Hi thank you for your response @TrustyJules I have to say that I thought the same as you, all the options literature says this, but the reality is different. Puts itm are early assigned very often, and calls only the day before ex-dividend. I only trade very liquid options Spy, Spx. That is not the problem. I don't close my strategy before the expiration day. If I am early assigned, yes I sell the shares that have been assigned and I have to restore my postion by selling more puts. Then is when I have 10 minutes to do that and I am not able to sell puts with a fair price, at least with my broker. After 20 minutes the prices are normal again and I could restore my position with a fair price. Here is where I think with a Portfolio margin account I won't have the obligation to restablish the margin violation in 10 minutes because there won't be a margin violation since my position has no risk. I will put an example of what happens , with images, in the next post.
What I would like to know is your opinion about one particular scenario. I have tried to ask it to the broker but no conclusive answer. I am posting a profile risk of the three situations to easily see what I am saying E.g. 1_ Spy at 250 , open a Bear put , + 10 put 246 - 10 put 245 Maximum profit 830 maximum loss 170 2_Spy goes to 241, so the short put is now itm. 3_My short puts are early assigned and I have to purchase 1000 Spy. Look at the Risk profile of the new position. Has no risk. But with a Regt I will have a margin call because I don't have the cash to purchase 1000 spy. But there is no risk , so the margin required in a Portfolio margin account would be none. Then, no margin call I assume. Is that right? thank you
That wasn't exactly what I was saying. I was saying it's harder to understand changes, not that PM requirements are more subject to change than Reg T requirememts.
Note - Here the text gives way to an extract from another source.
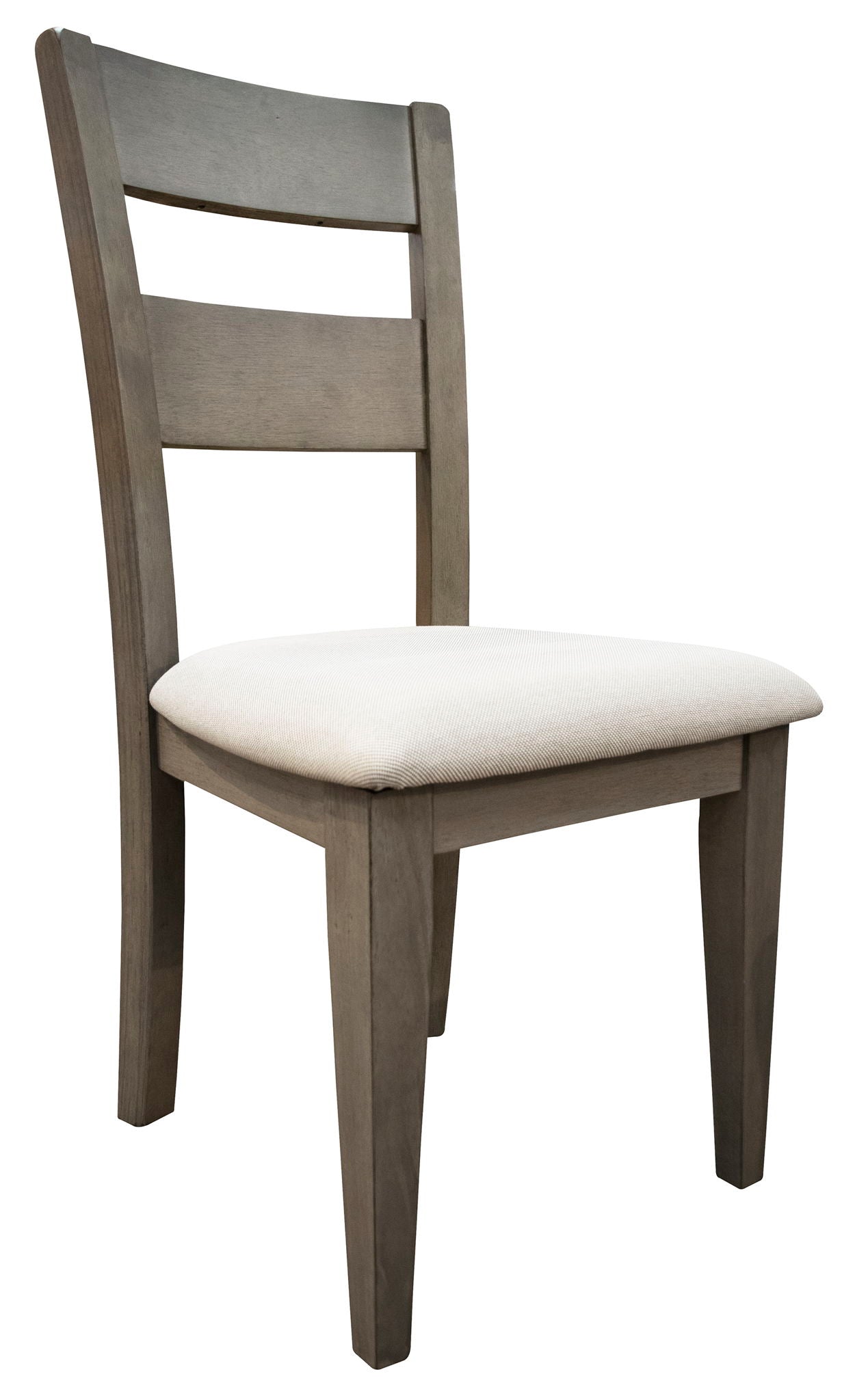 SIDE CHAIR CLARK GREY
That can happen in any type of margin account - if volatility is rising, your broker may decide to increase the margin requirements on all VIX products to 100%. When GBP volatility was expected to be high around the Brexit vote, those FX requirements were increased a lot. Things like this definitely happen, and they can effect both kinds of margin accounts. A PM account might be effected more, but that's probably just because it was more lenient beforehand. If Reg T gives you 50% and PM gives you 20% requirements, your requirements could go up 2x with a worst case Reg. T situation and 5x for a PM if you see what I mean. If you weren't using the max leverage, it could be the same. I'm not quite sure exactly what you mean by this. For any sort of short position, there will be a margin requirement despite there not necessarily being a maximum loss, ie short a stock or short a call. In my experience with stocks, IB's PM requirements are less often strict than other brokers. It's hard to generalize and varies for each stock/ETF, but IB is definitely more generous with PM margin on average.